The International Cricket Council subscribes to this interpretation and as a result has banned the Indian spin bowler Harbhajan Singh for the duration of the current Test series against Australia, after he allegedly called the Aussie player Andrew Symonds 'a monkey'.

The president of the group representing Indian Australians, Raj Natarajan, protested admittedly somewhat disingenuously that "the Monkey God is one of the revered idols of Hindu mythology and worshipped by millions. It is surprising that it was considered a racist term".

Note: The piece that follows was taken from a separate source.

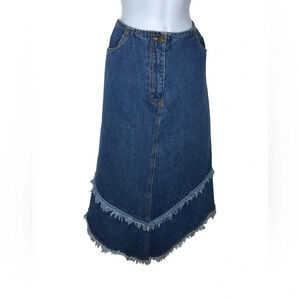 Juke Box women’s modest denim jean fringe skirt sz 11-12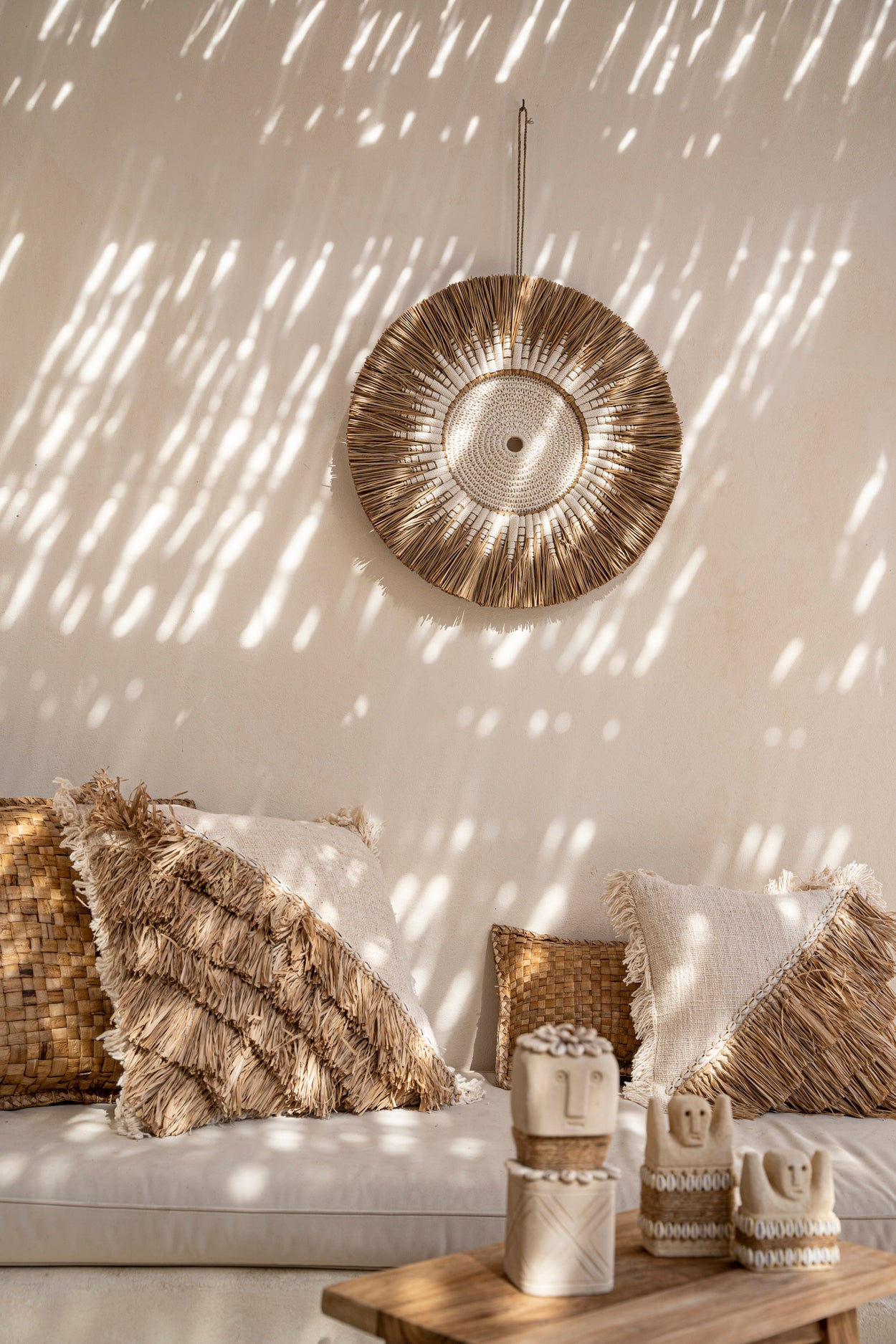 Bazar Bizar  Raffia Katoenen Kussenovertrek - Naturel Wit - 40x40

Lawson, referring to the huge Indian population, says, "If the cricketing authorities want to insult those billions, then they are free to do so: on the other hand, it is they, as a result, who might end up looking like monkeys."

All should be banned

I have no sympathy for racial discrimination. If this was what motivated Harbhajan Singh to refer to Symonds as a monkey, or Ricky Ponting to complain about Singh, or Mike Proctor to ban Singh, or the Indians to file a complaint about Hogg for calling somebody a bastard, they should all be banned from the sport, every Hogg, monkey and racist.

One interpretation is that the Australians can dish it out but cannot take it. People point to the McGrath-Sarwan confrontation when McGrath is reputed to have asked Sarwan about the taste of that part of Brian Lara's anatomy that is covered by a plastic device known as a 'protector' and Sarwan referred McGrath to Mrs. McGrath who, unfortunately, was having surgery for cancer.

The extremely incensed McGrath is supposed to have threatened, "If you ever (expletive) mention my wife again, I'll (expletive) rip your (expletive) throat out."


Tony Deyal was last seen asking what kind of monkey can fly? A hot-air baboon.